Karşımıza çıkabilecek bir başka sözleşme ise eser sözleşmesidir. Müteahhit ve arsa sahibinin inşaat yapılması adına düzenledikleri sözleşme bir eser sözleşmesidir. Borçlar Kanunu Md. 470 vd. düzenlenen eser sözleşmesi bakımından yüklenicinin ayıp sebebiyle sorumluluğu söz konusu olabilir. Yüklenici ayıbı işsahibinden gizlemişse ve bu ayıplar işsahibi tarafından ilk incelemeyle fark edilemeyecek ayıplar ise arsa sahibi sorumlu olmayacaktır. Eserdeki ayıplar sebebiyle işsahibine seçimlik haklar tanınmıştır. Fakat satış sözleşmelerinde de belirttiğimiz üzere, binanın deprem dolayısıyla yok olması durumunda, arsa sahibi sözleşmeden dönebilir ve zararlarının tazminini yükleniciden talep edebilir.

Peki söz konusu inşaat deprem anında yapım aşamasında ise, yani eserin tesliminden önce deprem gerçekleştiyse ne olacak? Borçlar Kanunu Md. 483 uyarınca eser teslimden önce beklenmedik bir olaydan dolayı yok olursa malzemeye gelen hasar onu sağlayana ait olur. Yüklenici yaptığı işin ücretini ve giderlerinin ödenmesini isteyemez.


Borç İlişkileri


İfa imkansızlığı

Depremin borç ilişkilerine etkisinden bahsederken evleviyetle ifa imkansızlığından bahsetmek gerekecektir.
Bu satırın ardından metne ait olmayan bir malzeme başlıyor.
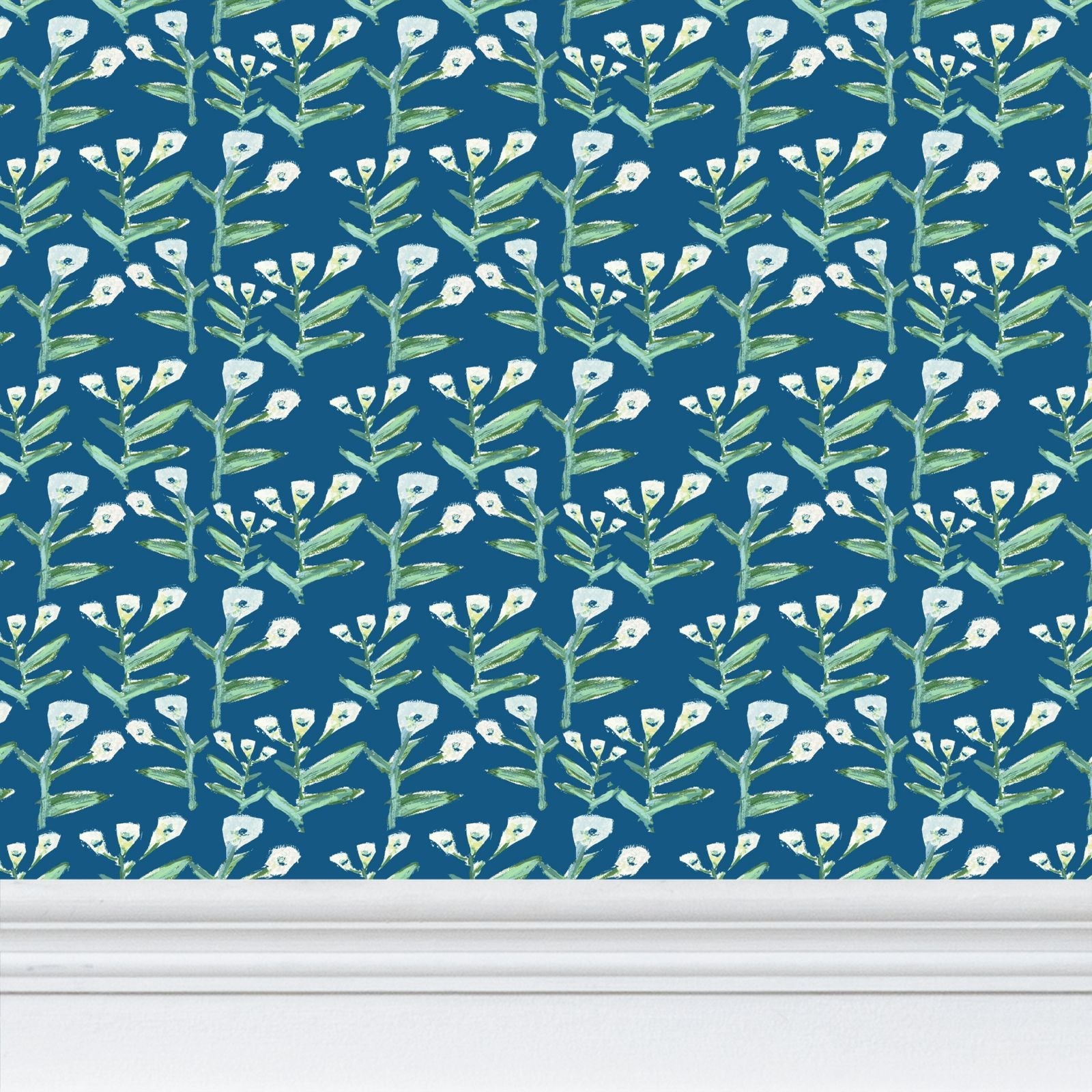 Sydney Wallpaper Marine by Erin Donahue Tice, green stems and white blossoms on blue on Tampa Home & Garden Store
Borçlar Kanunu Md. 136 uyarınca borcun ifası borçlunun sorumlu tutulamayacağı sebeplerle imkânsızlaşırsa, borç sona erer. Örneğin 7 Şubat 2023’te kargoya verilmek üzere bir antika koleksiyonunun olduğunu ve ücretinin de teslimden önce alındığını varsayalım. Bu bağlamda koleksiyon deprem dolayısıyla -yani borçlunun elinde olmayan sebeplerden dolayı- yok olduğu için alacaklı henüz kendisine ifa edilmemiş olan edimi isteme hakkını kaybeder. Sebepsiz zenginleşme hükümlerince alıcı ancak ödediği ücretin geri ödenmesini talep edebilir.

İfa güçlüğü

Buna ek olarak, aşırı ifa güçlülüğünden de söz etmek gerekecektir. Borçlar Kanunu Md. 138 uyarınca depremden etkilenen ve ifa güçlüğüne düşen borçlular, sözleşmenin yeni koşullara uyarlanmasını isteme hakkına sahiptir. Örnekse, borçlular para borçlarını daha sonra ifa etmek için süre isteyebilir.


Delillerin tespiti

Borçlar Kanunu Md. 50 uyarınca zarar gören zararı ve zarar verenin kusurunu ispatla mükelleftir. Haksız fiillerde zararın ve kusurun ispat yükü zarar görene düşer, dolayısıyla yüklenicinin kusursuzluğunu ispat etmesi değil, zarar görenin yüklenicinin kusurunu ispat etmesi gerekecektir. Tazminat davalarına esas olmak ve delil teşkil etmek üzere Sulh Hukuk veya Asliye Hukuk Mahkemelerine yazılı başvuruda bulunulması ve delil tespitinin yaptırılması önem arz eder. Bu bağlamda enkaz kaldırılmadan önce yapıdan numuneler toplamak, delilleri elde etmek yüksek önem teşkil etmektedir. Delil tespit istemini zarara uğrayan kişiler tarafından yapılabilecektir. Ölüm, gaiplik ve yaralanma gibi nedenlerle delil tespiti yaptıramayacak durumda olanların ise gerekli işlemlerinin eşleri ile üçüncü dereceye kadar yakınları tarafından yapılabileceğini belirtmek gerekir. Bu vesileyle 4539 Sayılı Kanun uyarınca avukatların, vekaletname şartı aranmaksızın, delil tespiti işlemlerini takip edebileceğini tekrar belirtmiş olalım.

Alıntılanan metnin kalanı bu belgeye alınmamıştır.